Wednesday, April 13, 2016

Land of Silence and Darkness


LAND OF SILENCE AND DARKNESS (Herzog, 1971)
Shout! Factory, Blu-ray, July 19, 2014
Review by Christopher S. Long

Though Eva Mattes netted a much-deserved supporting actress awards at Cannes for surviving opposite Klaus Kinski in “Woyzcek” (1979), Werner Herzog has never been known for his strong female characters, nor should he be. Yet in a filmography consisting of delusional conquistadors, doomed rebels, vampires, African warlords, and Nicolas Cage, perhaps the most unforgettable (and certainly the most overlooked) Herzog character of all is Fini Straubinger, subject of the extraordinary documentary “Land of Silence and Darkness” (1971).

After suffering a bad accident at the cusp of adolescence, young Fini lost first her sight and then her hearing, and wound up spending the bulk of her adulthood bed-ridden and cared for by an overtaxed mother. She describes an isolation that is virtually... indescribable: “I prayed, but it wasn't any use.” Despite seemingly overwhelming obstacles, Fini was able not only to get out of bed, but to connect to the world once again as an ambassador to Germany's woefully underserved deaf-blind community.

Fini Straubinger

Herzog has never been shy about bringing his signature stylistic excess to all of his projects, both fiction and non-fiction, but in the case of Fini Straubinger, who celebrates her 56th birthday during the course of the film, he is largely content to gape in awe at this remarkable woman. He limits his “ecstatic” inventions to a few framing devices, such as when Fini relates a childhood memory of seeing skiers flying through the air (entirely a Herzog creation, one he would later expand into the film “The Great Ecstasy of the Woodcarver Steiner”) and a few evocative poetic phrases: “When you let go of my hand, it is as if we were a thousand miles away.”

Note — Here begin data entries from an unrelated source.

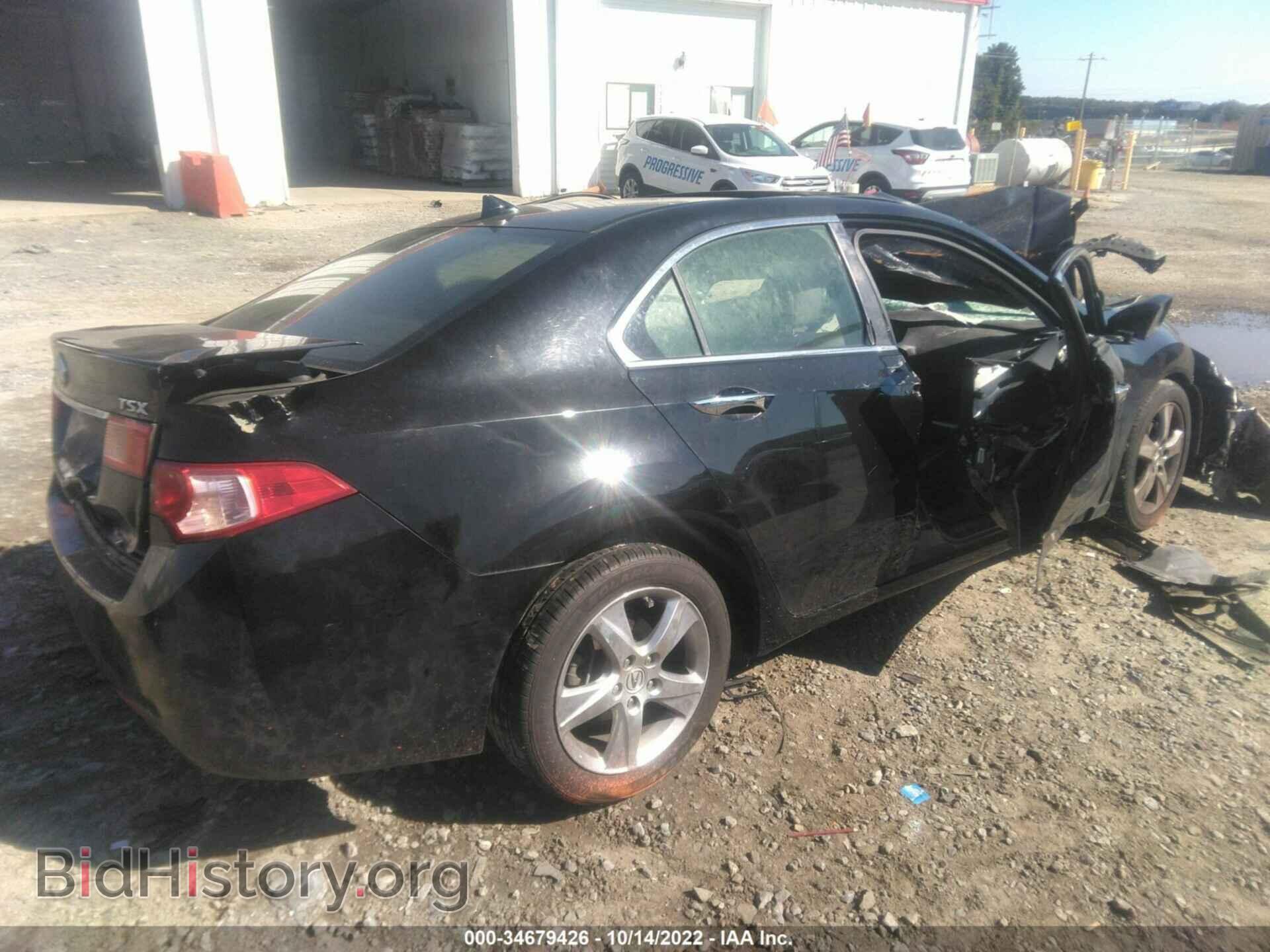 2012 ACURA TSX - VIN: JH4CU2F68CC001004 - Фото 4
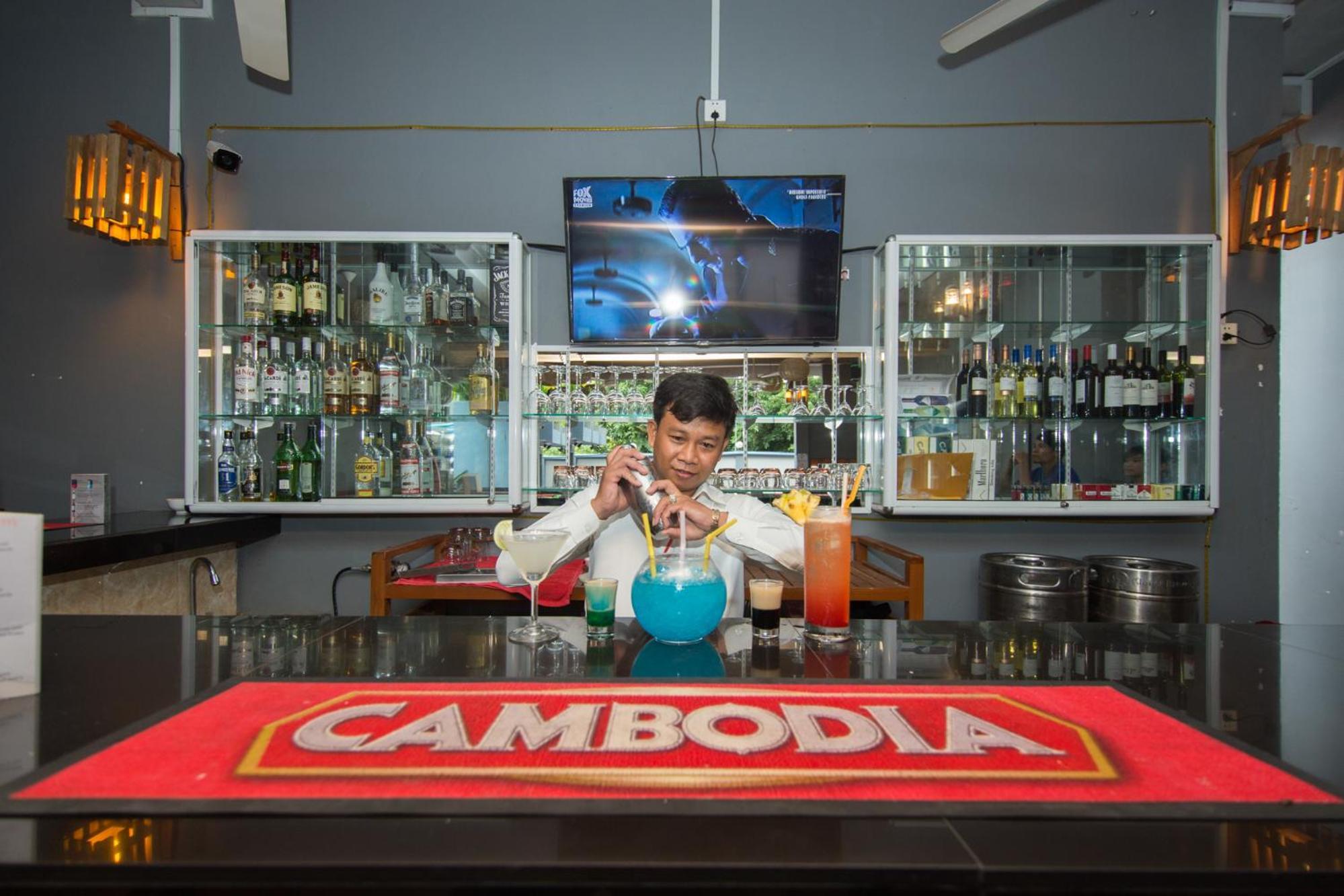 Siem Reap Pub Hostel Extérieur photo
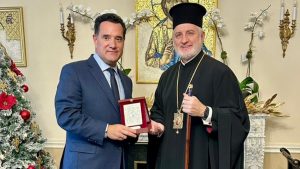 Επίσκεψη του Υπουργού Υγείας Άδωνι Γεωργιάδη στις Ηνωμένες Πολιτείες της Αμερικής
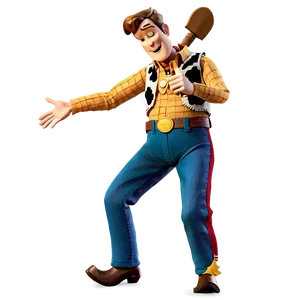 Woody In Action PNG 25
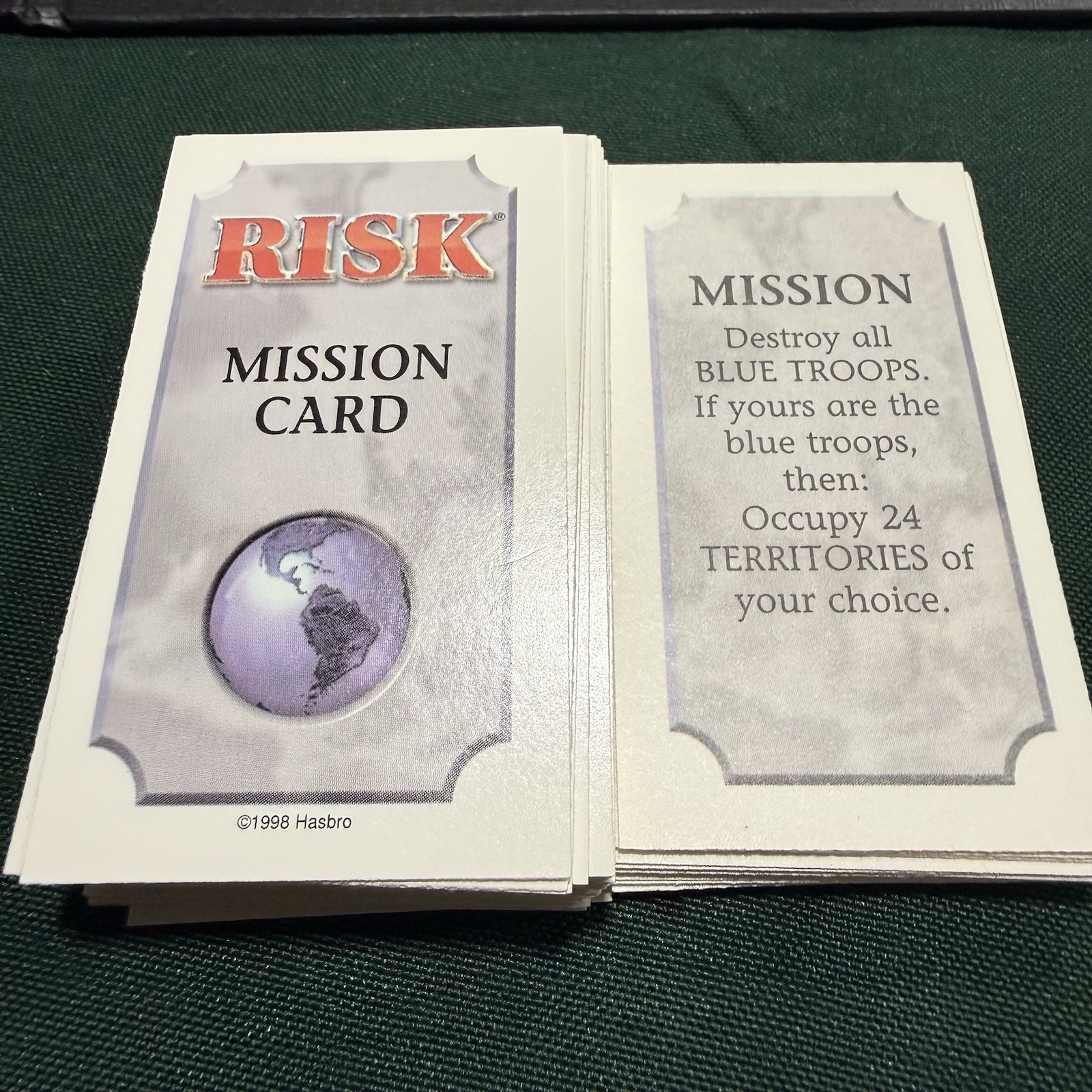 Vintage 1998 Risk Board Game ~ The Game Of Global Domination – Ships Free!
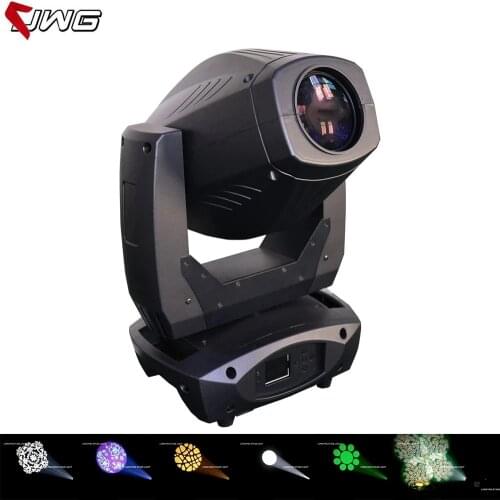 Free Shipping Bright Dream 200W Led Moving Head Beam Spot Light 3 In 1 Gobo Project For Bar Stage Disco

Herzog's unique deployment of Kinski and other wild animals dominates the discussion of his films of this era, but some of his earliest obsessions revolved around atypical modes of vision and communication. In the otherwise standard-issue documentary “The Flying Doctors of East Africa” (1970) Herzog is amazed by the distinct ways in which villagers in Tanzania and Kenya process (or do not process) two-dimensional images, and he has been mesmerized by the “extreme language” of cattle auctioneers, fire-and-brimstone preachers, and even characters who struggle to speak at all.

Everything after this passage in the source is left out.